▶ **WHAT THIS TASK INVOLVES**:
Once you reach the line containing "Photo of Outdoor in Lake Sequoyah" in the entries below, write out that line and each one after it down to the line containing "handcrafted sterling silver", exactly and with nothing added.
########################################
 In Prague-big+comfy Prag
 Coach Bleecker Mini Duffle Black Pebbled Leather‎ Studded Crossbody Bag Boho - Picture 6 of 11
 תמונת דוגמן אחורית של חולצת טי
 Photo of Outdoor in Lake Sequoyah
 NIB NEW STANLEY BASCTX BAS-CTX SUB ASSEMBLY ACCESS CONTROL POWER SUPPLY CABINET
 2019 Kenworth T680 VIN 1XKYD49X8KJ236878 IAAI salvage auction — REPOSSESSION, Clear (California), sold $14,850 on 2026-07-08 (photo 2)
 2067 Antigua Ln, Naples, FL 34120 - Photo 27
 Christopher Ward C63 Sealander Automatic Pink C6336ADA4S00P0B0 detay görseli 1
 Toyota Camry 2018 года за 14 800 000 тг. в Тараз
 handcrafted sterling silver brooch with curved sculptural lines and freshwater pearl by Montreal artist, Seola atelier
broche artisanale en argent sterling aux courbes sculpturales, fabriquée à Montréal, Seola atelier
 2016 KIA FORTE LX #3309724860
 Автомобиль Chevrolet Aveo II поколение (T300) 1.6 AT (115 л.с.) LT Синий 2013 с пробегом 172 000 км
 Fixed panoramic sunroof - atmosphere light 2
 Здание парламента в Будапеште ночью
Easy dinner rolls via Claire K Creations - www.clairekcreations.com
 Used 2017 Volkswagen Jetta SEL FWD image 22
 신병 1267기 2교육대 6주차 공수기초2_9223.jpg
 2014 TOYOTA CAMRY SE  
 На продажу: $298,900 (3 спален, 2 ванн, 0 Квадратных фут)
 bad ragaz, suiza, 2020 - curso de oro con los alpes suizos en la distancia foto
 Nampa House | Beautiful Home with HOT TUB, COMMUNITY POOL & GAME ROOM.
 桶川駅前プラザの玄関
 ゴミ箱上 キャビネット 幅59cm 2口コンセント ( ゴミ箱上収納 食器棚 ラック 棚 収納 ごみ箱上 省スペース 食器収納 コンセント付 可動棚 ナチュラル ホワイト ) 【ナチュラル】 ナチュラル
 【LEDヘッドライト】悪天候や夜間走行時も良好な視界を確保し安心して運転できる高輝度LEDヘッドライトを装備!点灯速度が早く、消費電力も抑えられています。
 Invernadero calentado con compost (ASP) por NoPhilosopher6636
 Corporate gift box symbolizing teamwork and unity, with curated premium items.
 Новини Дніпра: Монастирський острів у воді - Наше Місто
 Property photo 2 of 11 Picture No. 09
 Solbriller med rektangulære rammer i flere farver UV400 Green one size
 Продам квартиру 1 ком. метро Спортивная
########################################
▶ **EXERCISE OUTPUT**:
 Photo of Outdoor in Lake Sequoyah
 NIB NEW STANLEY BASCTX BAS-CTX SUB ASSEMBLY ACCESS CONTROL POWER SUPPLY CABINET
 2019 Kenworth T680 VIN 1XKYD49X8KJ236878 IAAI salvage auction — REPOSSESSION, Clear (California), sold $14,850 on 2026-07-08 (photo 2)
 2067 Antigua Ln, Naples, FL 34120 - Photo 27
 Christopher Ward C63 Sealander Automatic Pink C6336ADA4S00P0B0 detay görseli 1
 Toyota Camry 2018 года за 14 800 000 тг. в Тараз
 handcrafted sterling silver brooch with curved sculptural lines and freshwater pearl by Montreal artist, Seola atelier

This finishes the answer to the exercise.